Sosyal medya sayesinde Ankara Büyükşehir Belediye Başkanı Mansur Yavaş’ın bir kriz anında AKP’li meclis üyesine söylediği “Masaya çıkıp tepin istersen” cümlesini dövme yaptıran birinden haberdar olmuştuk. Bunu zihnimden silemiyorum. Acaba duruyor mudur?
*
Uzaklardan dolaşsa da zihin açan bir bağlantı. Svetlana Boym “Tırnak İçinde Ölüm” adlı kitabında bir şiiri üzerinden Rimbaud’da dövmenin “bedensel yazının” yerine geçtiğini anlatıyor. Kazınarak işlenen deri ıstırabın, şiddetin, bölünmüş öznelliğin dille kazınmasının metaforu haline geliyor. İnsanın kendi “kötü kanıyla” yazdığı, bedensel sıvılarla bedenle aktarılan bir yazı.

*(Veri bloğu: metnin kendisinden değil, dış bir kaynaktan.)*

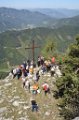 15 zum Gipelkreuz hinunter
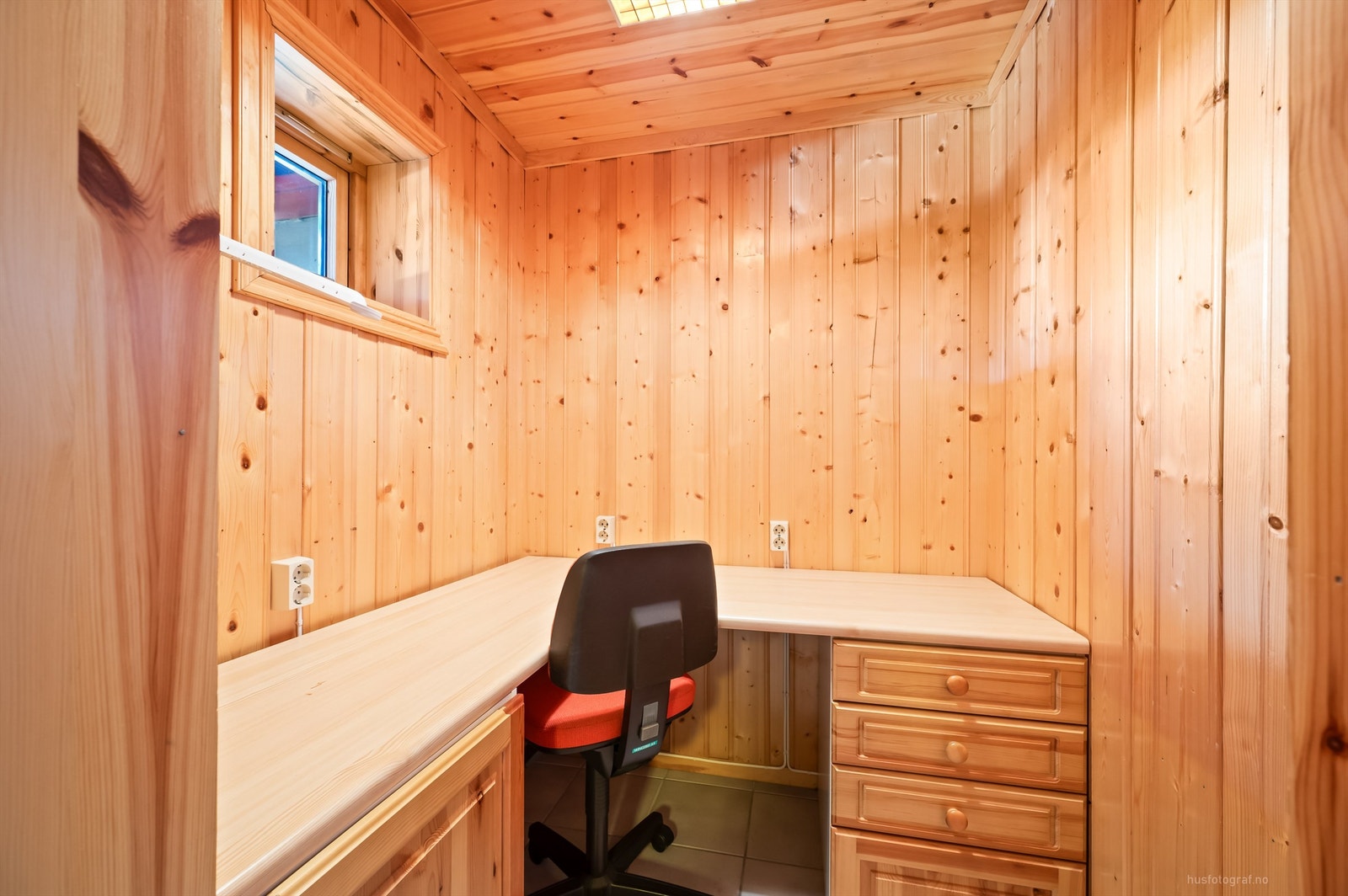 Opprinnelig utvendig bod som er blitt innlemmet i boligens areal. Dette er ikke byggemeldt kommunen. Galleribilde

Proleter dövmeleri de okunmak istiyor.
Not: Primo Levi’nin Can Yayınları’ndan çıkan “Boğulanlar, Kurtulanlar” isimli denemeler kitabını Kemal Atakay çevirmiş. Metis Yayınları’ndan çıkan “Tırnak İçinde Ölüm”ün çevirmeni Emine Ayhan. “Terbiyesizliğin Teorisi” Medeni Beyaztaş çevirisiyle Kale Yayınları’ndan.